Well, from what I've researched so far it appears a face mill with the inserts presented at a 45º angle would be better suited for our machine. Less h/p and rigidity needed than the 90º face mills but you won't cut into a 90º corner. If I do eventually get one it'll be a 2.5" or 2" with the 45º inserts. I've been using my fly cutter and so far, so good, but the sound it makes when it meets the work always makes me grimace. I assume the same would be with the face mill anyway. Shars has a nice 2" 45º face mill *here*. You get 4 sides to use with those SDMT inserts, which is cost efficient.


----------



## chuckorlando (Jul 13, 2014)

I have struggled over face mill or fly cutter my self. I have no experience with a FC so I cant compare and thus my hesitation.
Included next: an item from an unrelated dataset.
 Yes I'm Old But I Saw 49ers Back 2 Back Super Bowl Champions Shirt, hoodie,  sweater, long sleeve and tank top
I love the FM at school. You clip .05 DOC and it more or less sounds like dunka,dunka,dunka,dunka,dunka,dunka. They leave such a nice finish and do it fast. But the FC are so damn cheap


----------



## countryguy (Jul 13, 2014)

I am keenly interested as well!    I'm wondering what the difference is between a facemill w/ inserts and an Indexable end Mill would be?   Are they not essentially the same thing?    I keep looking to move out of these expensive Carbide End Mills and into something indexable if they perform.   Love to hear some stories here.   I have read that certain Mfrs' and their quality of insert and tool play a pretty big part.   Dunno? 
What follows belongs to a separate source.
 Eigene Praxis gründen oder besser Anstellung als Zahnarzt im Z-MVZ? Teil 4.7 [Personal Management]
I keep looking at these Hitachi & Dorian's   but there are simply so so many out there.  
Hitachi - http://www.hitachimetals.com/product/cuttingtools/indexable.html      They even have a 3 & 4 &  5 flute line in .375 to .75 for their small diameter ultra high efficiency      And Dorian's line:  *http://tinyurl.com/kkxwsoe

*


----------



## richl (Jul 14, 2014)

Definitely interested in this topic, i have been considering  indexable fm and em for my machine. The south. Bend vertical mill weighs in the 1800 lbs range, but only 1hp,  so you have to be careful with doc and speed. I figure the 8520/8525 class machines would be a similar base to compare with. I'll be watching.
Rich


----------



## Terrywerm (Jul 15, 2014)

Thus far I have not tried a face mill on my 8520, but have given it some thought, just haven't pulled the trigger yet. I would think that the 2" size would be appropriate for these machines, much like for the mill/drill owners out there that have used face mills. I would tend to shy away from anything larger, especially if purchasing a 90* face mill.


----------



## Splat (Mar 13, 2019)

I'm necroposting my own thread. I haven't got a face mill yet for my small mill. I'm eyeballing *this* 2" face cutter using 45º SEAN-42 AFTN inserts on Ebay. Is it possible to use only 1 insert in a 4-insert face cutter or would it be unbalanced?


----------



## 34_40 (Apr 25, 2019)

That's okay, I haven't gone any further either! 
I guess one of us will have to bite the bullet and spring for the tooling so we can come back and report! LOL.


----------



## Rootpass (Apr 25, 2019)

3/8” end mill in steel seems to be all my machine will handle. I’ve had ok results with a flycutter (on steel). 
I bought a 3/4” two insert endmill and never got a good finish with it. I was using Sandvik inserts. 
Take all of this with a grain of salt because it could all be due to operator inexperience.


----------



## wa5cab (Apr 26, 2019)

Splat said:


> I'm necroposting my own thread. I haven't got a face mill yet for my small mill. I'm eyeballing *this* 2" face cutter using 45º SEAN-42 AFTN inserts on Ebay. Is it possible to use only 1 insert in a 4-insert face cutter or would it be unbalanced?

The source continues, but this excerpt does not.